Scraping UFC data with Python part 1
Previous blogs
[Part ?] - designing database tables
[Part 0] - scraping events data
[Part 1] - fighters table
Overview
As explained at the end of part 0, my next goal is grabbing the list of fights in each event. Each event in the events table has an event_link column linking to a table containing the full fight list and the outcomes of each fight.
i.e UFC 281: Adesanya vs. Pereira event_link returns this table - http://ufcstats.com/event-details/b3b6e80b7d5f8f0d
change of plan
The plan was to fill my fight_matchup table, that stores both fighters id’s.
Obviously this is only possible to do when I have foriegn key id’s in my fighters table, which I currently don’t, meaning the prerequisite to populating the fight_matchups table is to populate the fighters table beforehand.
ufcstats has a fighters table, containing a list of all ufc fighters;
I will be grabbing all the rows of data in the above table, excluding the belt column for now.

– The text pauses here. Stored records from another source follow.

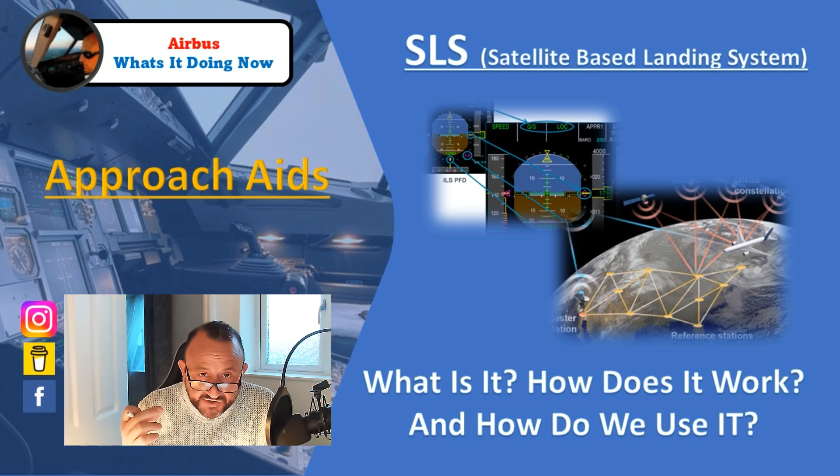SLS basically enables us to fly RNAV approaches in a very similar format and process to flying an ILS. The presentation — which I'll show you in a few moments with some PFD clips — essentially allows us to fly an ILS-type approach with deviation bars, localizer, glide slope, and even the FMAs are the same. Critically, it removes the barometric profile, replacing it with a geometric path built by the satellites and the aircraft MMR.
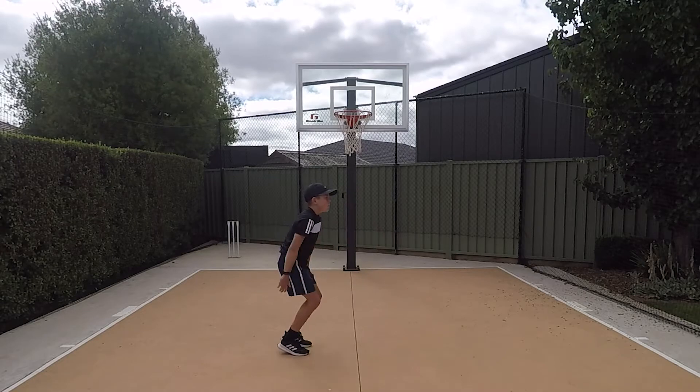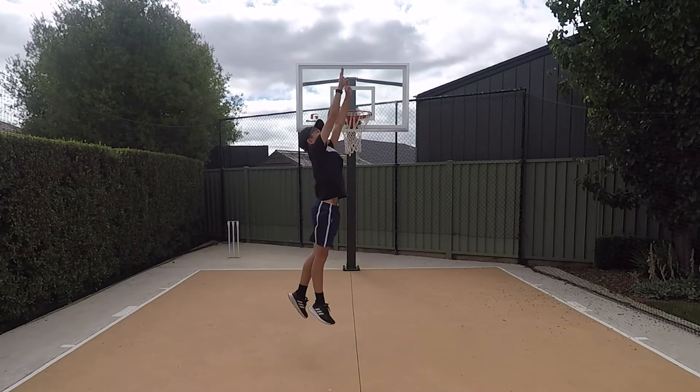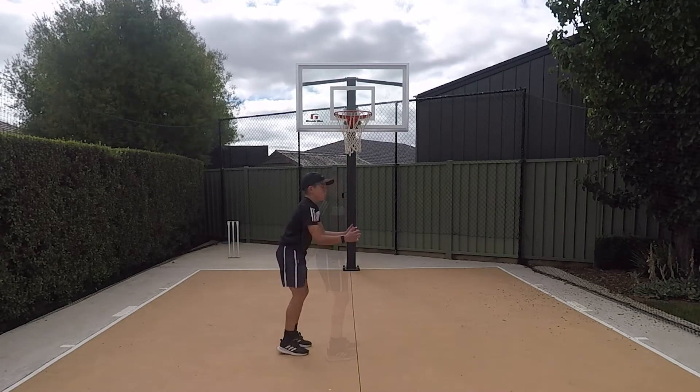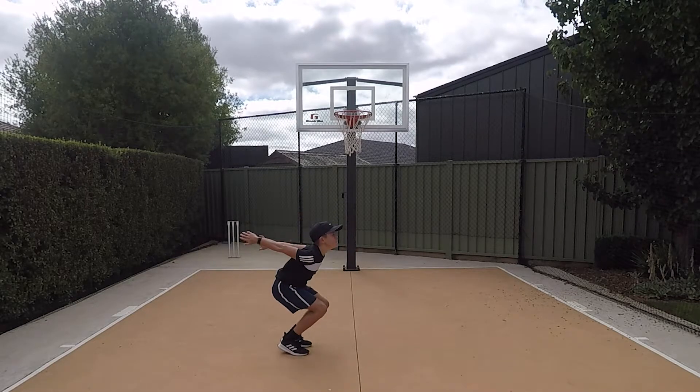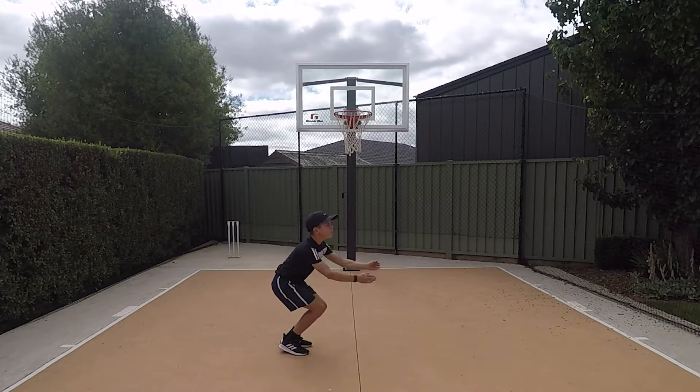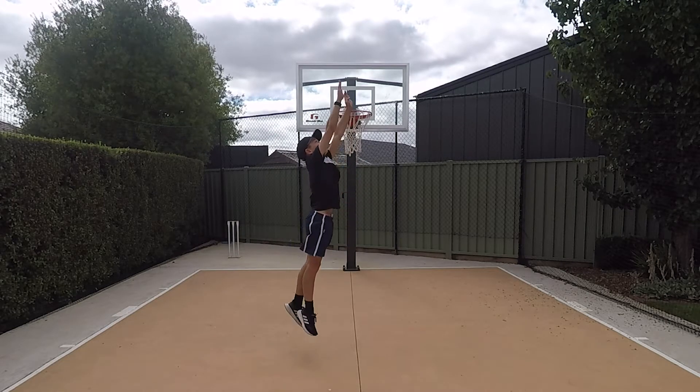Next, the jumper should crouch by bending at the knees with their arms behind their body. Having their arms behind their body then allows the jumper to perform the next critical component of the jump, which is the forceful upward thrust of their arms, which occurs as their legs straighten to take off.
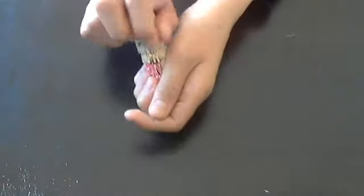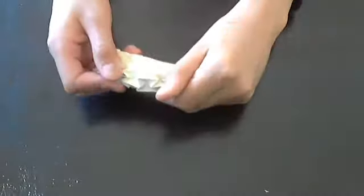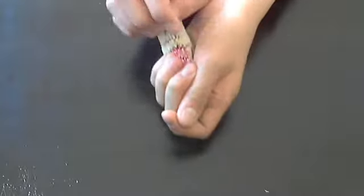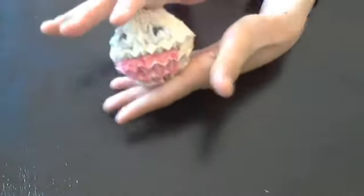Here it is. What's this cylinder you ask? It's not a cylinder. If you press like this, it becomes a ball.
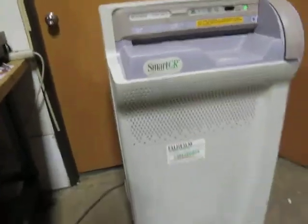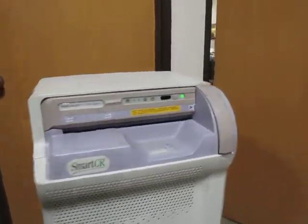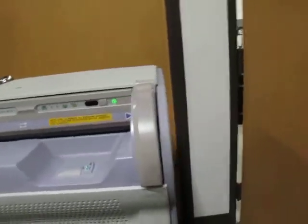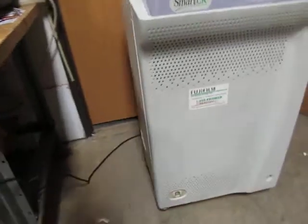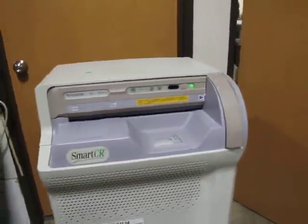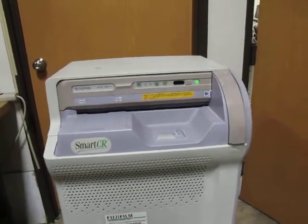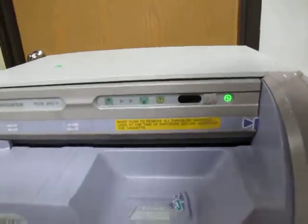We were told it's functional. I have no way to test it other than what you just saw. This piece looks like it was taped down, but other than that the unit looks fine. It seems to power up — no red lights, nothing else. If it was broken, I would think this warning light maybe, but I don't know.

The above table only contains info above fighters with a lastname begnining with ‘A’, so to get all fighters on the roster I had to loop over each letter in the alphabet.
scraping the table
Creating the soup and targeting the table was exactly the same as my previous function used to grab the events data. However the contents of the fighters table is significantly different than the events table, with more rows and columns present here.
for row in rows[1::]: #first row void
data_cells = row.find_all('td') #each column
first_name = data_cells[0].a.string
last_name = data_cells[1].a.string
nickname = data_cells[2].a.string
#general info
height_string = data_cells[3].string.strip().split('\'')
ft = height_string[0]
inch = data_cells[3].string.strip().split('"')[0].split(' ')
height_cm = convert_height(ft, inch[-1])
weight_lb = data_cells[4].string.strip().split(' ')[0]
reach_inch = data_cells[5].string.strip().split('.')[0]
stance = data_cells[6].string.strip()
wins = data_cells[7].string.strip()
losses = data_cells[8].string.strip()
draws = data_cells[9].string.strip()
my solution was a somewhat messy use of .strip() and .split() functions, that worked nonetheless.
To loop over each character in the alphabet I used ascii_lowercase and called the parse_fighter_list func for each letter:
from string import ascii_lowercase
for c in ascii_lowercase:
parse_fighter_list(c): #loop over each character in alphabet
Again insert function differed very little to the function used inserting the events data;
def insert_fighter(f_name, l_name, nickname,weight,reach,stance,wins,losses,draws, height):
try:
cur = conn.cursor()
print('cursor testing')
cur.execute('INSERT INTO fighters (first_name, last_name, nickname, weight_lb, reach_inch, stance, wins, losses, draws, height_cm) VALUES (%s,%s,%s,%s,%s,%s,%s,%s,%s,%s)',
(f_name, l_name, nickname,weight,reach,stance,wins,losses,draws, height))
conn.commit()
cur.close()
return
except BaseException as e:
print(e)
Once inserted the fighter table looked like this:
As seeen above the table ended up with over 4000 rows! More fighters than I expected I must admit.
conclusion
with a complete fighter table, this project feel like it’s coming together nicely, and now opens a door to many possibilities.
The next blog will cover populating the fighter matchups table, that will use both event_id from the events table and fighter_id from the above table, with the goal of reducing potential data redundancy.